### Collected material
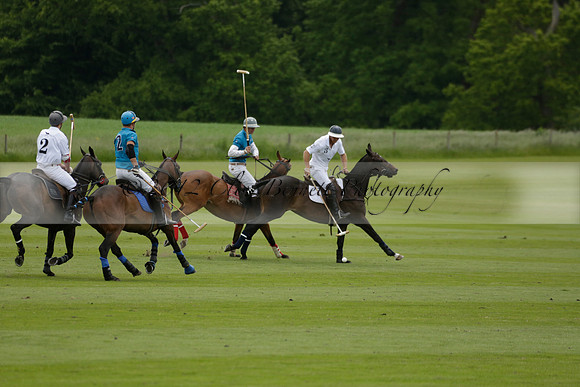 Pluma Negra v Turquoise in the Jubilee Cup Subsidiary Final Polo match 2013.06.02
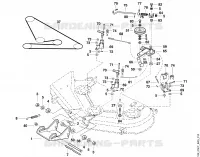 O   44''   Embrayage, support pour Stihl MT 830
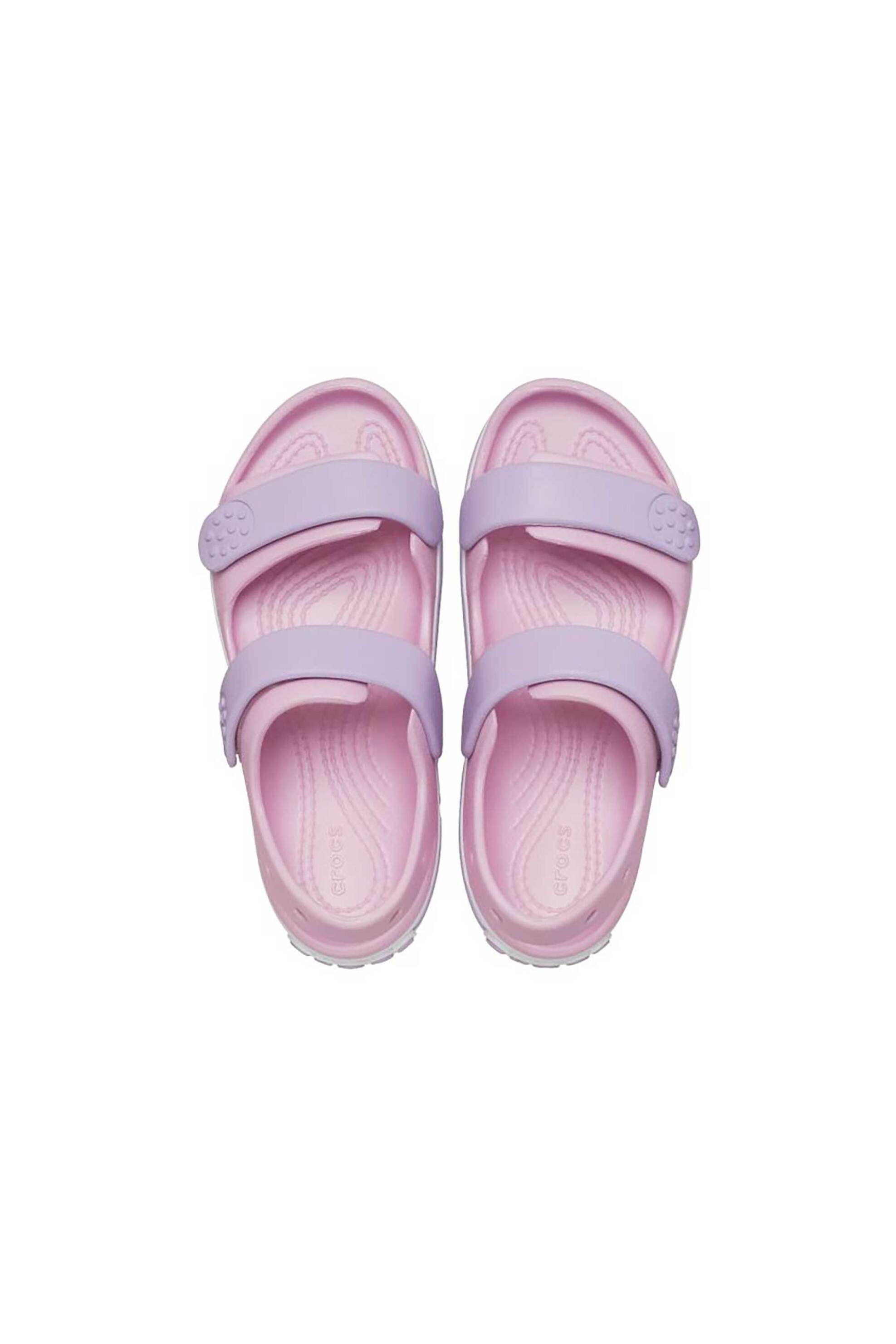 Crocs Παιδικά Πέδιλα Μονόχρωμα Crocband Cruiser K - E79757 Ροζ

### Instructions for the task
The answer is the full listing above, repeated exactly, with its pictures removed.

### Task answer
 Pluma Negra v Turquoise in the Jubilee Cup Subsidiary Final Polo match 2013.06.02
 O   44''   Embrayage, support pour Stihl MT 830
 Crocs Παιδικά Πέδιλα Μονόχρωμα Crocband Cruiser K - E79757 Ροζ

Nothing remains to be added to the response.